Along with posting on forums, I also posted a couple of polls where I could. The BioWare Social Network gave it the most attention, while the UbiSoft polls were mostly quiet. Here are the results regardless:
Results of the Polls were as of 6:30pm 3/28/2013 with 1-2 days exposure
If you’d also like to check out the forums I’ve posted to and read some of the discussions had, I’ve provided links below. Please feel free to peruse. These forums are still active, so if you’d like to post something, go right ahead.
UbiSoft U-Play Forums (this one is not as active as the others)
To me, as a woman, it doesn’t matter. Hell, why should it? I’ve been playing games with guys as the main character all my life. Sure, if I’m given the option to choose my gender in a game, I’ll choose to be a female character 100% of the time. But that doesn’t mean I won’t go back and play the same game as a male character afterwards. It’s the journey of the character that matters.
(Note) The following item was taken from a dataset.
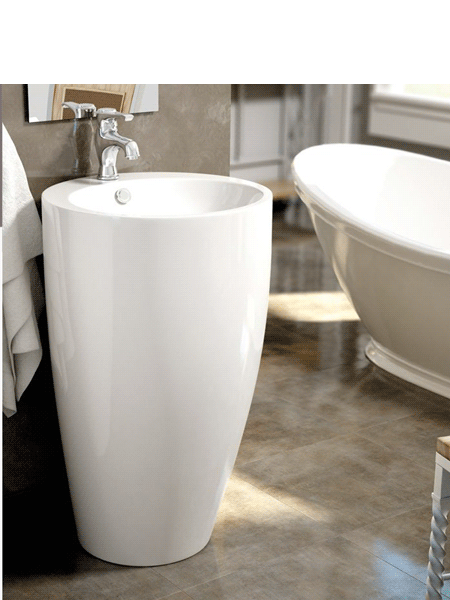 Lavabo de pie cerámico circular Pietro d490 x 820 cm blanco | Adrihosan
It’s my hopes for the future of this industry, that the right people realize that having a woman as our main protagonist isn’t going to ruin them. It’s good to know that from the opinions that I’ve gathered, most of them don’t put gender into consideration when they decide to purchase a game. A great deal of us don’t see that it should be a a topic of issue as much as the publishers and developers do. So go create more original Female Protagonists! Make more Tomb Raider! Bring us more Metroid! There’s no reason to over saturate the gaming world with big, rugged, badass, dudes anymore. It’s time to move forward, and bring more women into the spotlight.